**WHAT IS NEEDED**. Would you please repeat all of the data exactly, omitting the pictures?

**DATA IN THIS EXERCISE**.
+ + + + +
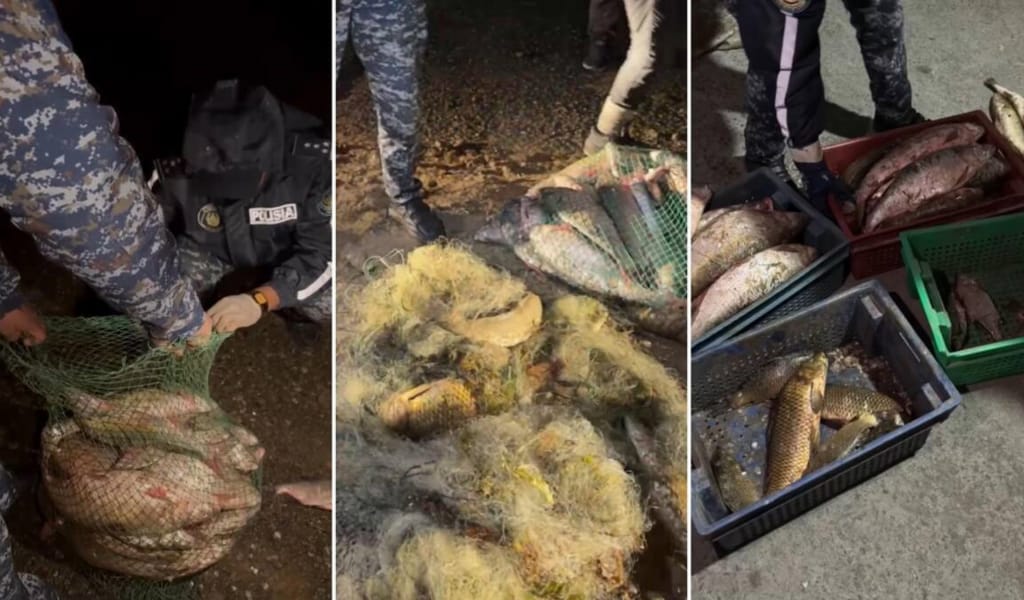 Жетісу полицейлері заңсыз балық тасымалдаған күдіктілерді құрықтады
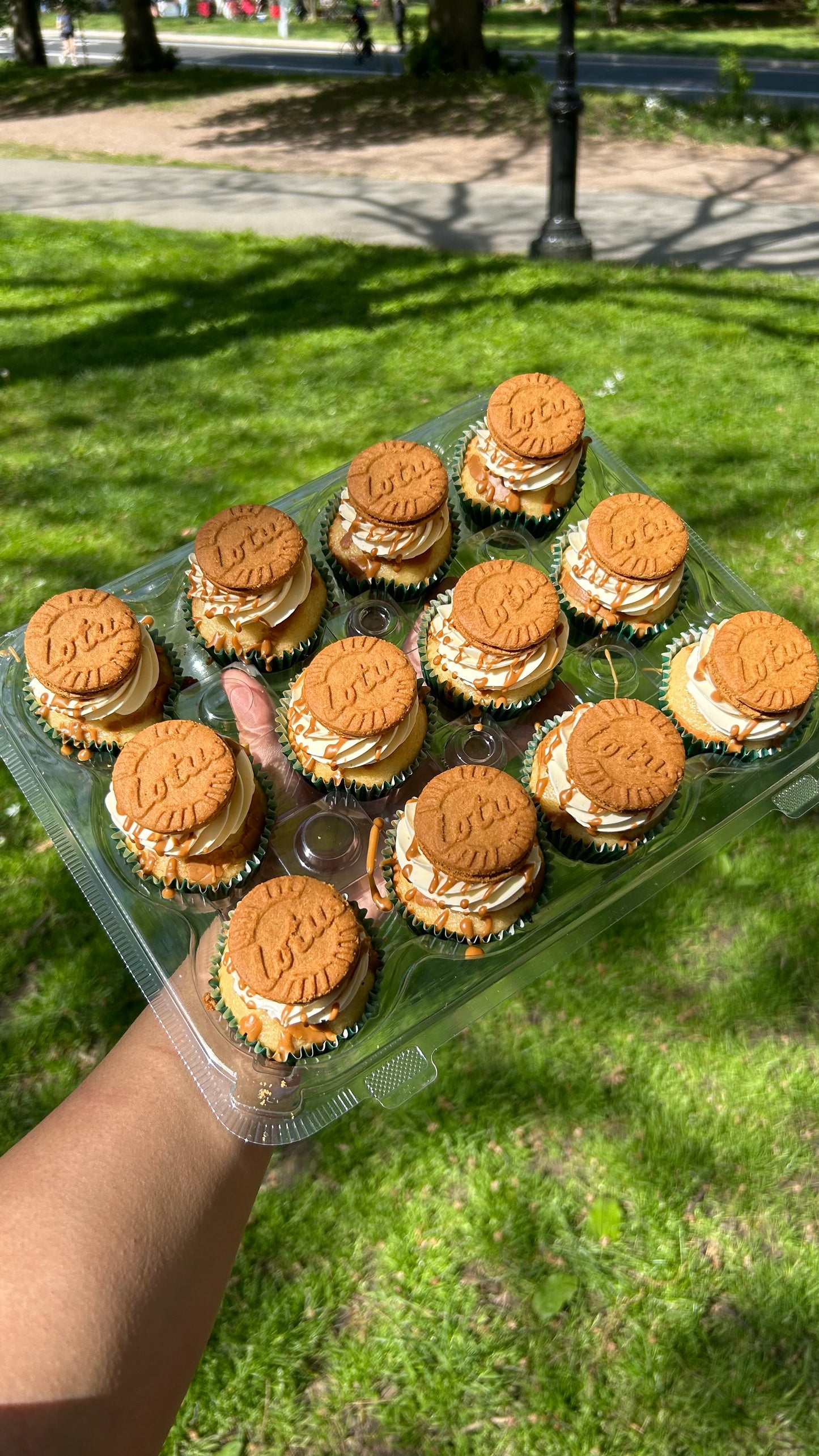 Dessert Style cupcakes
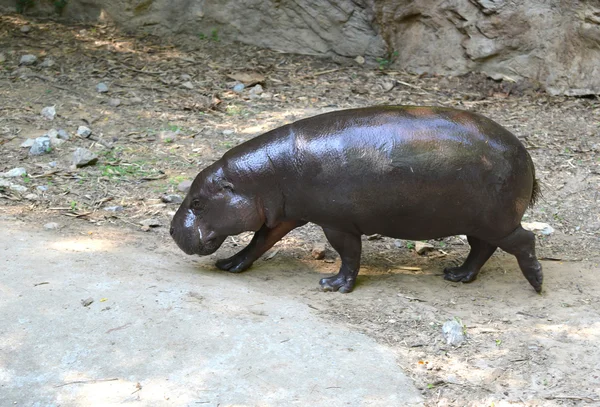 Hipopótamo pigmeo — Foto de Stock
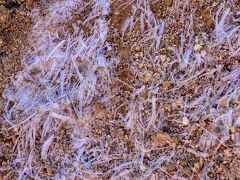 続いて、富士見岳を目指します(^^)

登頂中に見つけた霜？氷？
+ + + + +
**SOLUTION TO THIS PROBLEM**.
 Жетісу полицейлері заңсыз балық тасымалдаған күдіктілерді құрықтады
 Dessert Style cupcakes
 Hipopótamo pigmeo — Foto de Stock
 続いて、富士見岳を目指します(^^)

登頂中に見つけた霜？氷？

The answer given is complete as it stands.